WHAT YOU SHOULD DO: Starting at the first line and ending at the last, output the data exactly.

*** SOURCE DATA ***

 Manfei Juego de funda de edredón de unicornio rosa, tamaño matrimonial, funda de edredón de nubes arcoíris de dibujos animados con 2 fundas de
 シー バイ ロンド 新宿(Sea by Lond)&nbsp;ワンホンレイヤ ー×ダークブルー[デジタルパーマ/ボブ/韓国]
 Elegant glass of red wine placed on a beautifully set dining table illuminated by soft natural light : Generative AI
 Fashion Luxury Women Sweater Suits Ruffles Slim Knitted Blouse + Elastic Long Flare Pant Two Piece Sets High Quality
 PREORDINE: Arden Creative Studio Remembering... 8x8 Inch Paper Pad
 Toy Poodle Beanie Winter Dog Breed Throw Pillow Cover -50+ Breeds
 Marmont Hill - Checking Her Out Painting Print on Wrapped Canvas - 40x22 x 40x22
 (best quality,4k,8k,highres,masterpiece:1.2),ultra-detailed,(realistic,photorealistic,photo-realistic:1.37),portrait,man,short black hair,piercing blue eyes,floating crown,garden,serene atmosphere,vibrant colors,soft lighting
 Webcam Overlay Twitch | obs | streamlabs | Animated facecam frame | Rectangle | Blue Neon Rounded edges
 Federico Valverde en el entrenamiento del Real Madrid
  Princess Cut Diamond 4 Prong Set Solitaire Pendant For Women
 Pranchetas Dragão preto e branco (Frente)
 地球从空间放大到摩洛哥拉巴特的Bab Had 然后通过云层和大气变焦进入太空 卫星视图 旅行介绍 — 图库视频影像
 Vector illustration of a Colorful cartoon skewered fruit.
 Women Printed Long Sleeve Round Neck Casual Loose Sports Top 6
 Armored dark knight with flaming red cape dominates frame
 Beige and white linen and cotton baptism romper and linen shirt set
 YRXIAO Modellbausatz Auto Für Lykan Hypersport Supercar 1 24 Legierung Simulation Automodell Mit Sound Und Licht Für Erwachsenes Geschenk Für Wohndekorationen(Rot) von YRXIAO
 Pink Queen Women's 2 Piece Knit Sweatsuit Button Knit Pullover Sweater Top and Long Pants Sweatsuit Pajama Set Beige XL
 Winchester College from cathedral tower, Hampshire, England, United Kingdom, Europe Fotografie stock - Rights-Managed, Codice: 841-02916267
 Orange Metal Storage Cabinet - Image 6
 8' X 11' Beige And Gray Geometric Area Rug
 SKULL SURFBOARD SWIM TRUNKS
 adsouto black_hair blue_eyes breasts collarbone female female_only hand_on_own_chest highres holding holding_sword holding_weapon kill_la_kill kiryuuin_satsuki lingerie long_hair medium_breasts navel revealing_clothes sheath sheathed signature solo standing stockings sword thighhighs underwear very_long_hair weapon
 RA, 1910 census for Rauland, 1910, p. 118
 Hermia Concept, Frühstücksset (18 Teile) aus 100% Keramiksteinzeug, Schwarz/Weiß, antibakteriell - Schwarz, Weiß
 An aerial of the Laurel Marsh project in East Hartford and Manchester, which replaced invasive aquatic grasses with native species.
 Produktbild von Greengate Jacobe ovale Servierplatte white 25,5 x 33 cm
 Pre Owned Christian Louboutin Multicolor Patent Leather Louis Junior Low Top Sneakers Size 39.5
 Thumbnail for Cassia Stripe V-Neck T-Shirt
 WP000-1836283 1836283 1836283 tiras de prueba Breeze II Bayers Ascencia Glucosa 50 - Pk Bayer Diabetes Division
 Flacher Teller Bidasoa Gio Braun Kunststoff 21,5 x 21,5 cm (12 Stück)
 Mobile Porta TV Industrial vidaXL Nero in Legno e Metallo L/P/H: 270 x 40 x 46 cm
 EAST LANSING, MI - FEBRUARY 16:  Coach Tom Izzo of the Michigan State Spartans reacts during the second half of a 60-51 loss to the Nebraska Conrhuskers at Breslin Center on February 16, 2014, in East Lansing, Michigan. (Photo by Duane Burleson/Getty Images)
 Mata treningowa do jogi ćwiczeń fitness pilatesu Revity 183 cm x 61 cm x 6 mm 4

*** End of SOURCE DATA ***

TASK RESULT:
 Manfei Juego de funda de edredón de unicornio rosa, tamaño matrimonial, funda de edredón de nubes arcoíris de dibujos animados con 2 fundas de
 シー バイ ロンド 新宿(Sea by Lond)&nbsp;ワンホンレイヤ ー×ダークブルー[デジタルパーマ/ボブ/韓国]
 Elegant glass of red wine placed on a beautifully set dining table illuminated by soft natural light : Generative AI
 Fashion Luxury Women Sweater Suits Ruffles Slim Knitted Blouse + Elastic Long Flare Pant Two Piece Sets High Quality
 PREORDINE: Arden Creative Studio Remembering... 8x8 Inch Paper Pad
 Toy Poodle Beanie Winter Dog Breed Throw Pillow Cover -50+ Breeds
 Marmont Hill - Checking Her Out Painting Print on Wrapped Canvas - 40x22 x 40x22
 (best quality,4k,8k,highres,masterpiece:1.2),ultra-detailed,(realistic,photorealistic,photo-realistic:1.37),portrait,man,short black hair,piercing blue eyes,floating crown,garden,serene atmosphere,vibrant colors,soft lighting
 Webcam Overlay Twitch | obs | streamlabs | Animated facecam frame | Rectangle | Blue Neon Rounded edges
 Federico Valverde en el entrenamiento del Real Madrid
  Princess Cut Diamond 4 Prong Set Solitaire Pendant For Women
 Pranchetas Dragão preto e branco (Frente)
 地球从空间放大到摩洛哥拉巴特的Bab Had 然后通过云层和大气变焦进入太空 卫星视图 旅行介绍 — 图库视频影像
 Vector illustration of a Colorful cartoon skewered fruit.
 Women Printed Long Sleeve Round Neck Casual Loose Sports Top 6
 Armored dark knight with flaming red cape dominates frame
 Beige and white linen and cotton baptism romper and linen shirt set
 YRXIAO Modellbausatz Auto Für Lykan Hypersport Supercar 1 24 Legierung Simulation Automodell Mit Sound Und Licht Für Erwachsenes Geschenk Für Wohndekorationen(Rot) von YRXIAO
 Pink Queen Women's 2 Piece Knit Sweatsuit Button Knit Pullover Sweater Top and Long Pants Sweatsuit Pajama Set Beige XL
 Winchester College from cathedral tower, Hampshire, England, United Kingdom, Europe Fotografie stock - Rights-Managed, Codice: 841-02916267
 Orange Metal Storage Cabinet - Image 6
 8' X 11' Beige And Gray Geometric Area Rug
 SKULL SURFBOARD SWIM TRUNKS
 adsouto black_hair blue_eyes breasts collarbone female female_only hand_on_own_chest highres holding holding_sword holding_weapon kill_la_kill kiryuuin_satsuki lingerie long_hair medium_breasts navel revealing_clothes sheath sheathed signature solo standing stockings sword thighhighs underwear very_long_hair weapon
 RA, 1910 census for Rauland, 1910, p. 118
 Hermia Concept, Frühstücksset (18 Teile) aus 100% Keramiksteinzeug, Schwarz/Weiß, antibakteriell - Schwarz, Weiß
 An aerial of the Laurel Marsh project in East Hartford and Manchester, which replaced invasive aquatic grasses with native species.
 Produktbild von Greengate Jacobe ovale Servierplatte white 25,5 x 33 cm
 Pre Owned Christian Louboutin Multicolor Patent Leather Louis Junior Low Top Sneakers Size 39.5
 Thumbnail for Cassia Stripe V-Neck T-Shirt
 WP000-1836283 1836283 1836283 tiras de prueba Breeze II Bayers Ascencia Glucosa 50 - Pk Bayer Diabetes Division
 Flacher Teller Bidasoa Gio Braun Kunststoff 21,5 x 21,5 cm (12 Stück)
 Mobile Porta TV Industrial vidaXL Nero in Legno e Metallo L/P/H: 270 x 40 x 46 cm
 EAST LANSING, MI - FEBRUARY 16:  Coach Tom Izzo of the Michigan State Spartans reacts during the second half of a 60-51 loss to the Nebraska Conrhuskers at Breslin Center on February 16, 2014, in East Lansing, Michigan. (Photo by Duane Burleson/Getty Images)
 Mata treningowa do jogi ćwiczeń fitness pilatesu Revity 183 cm x 61 cm x 6 mm 4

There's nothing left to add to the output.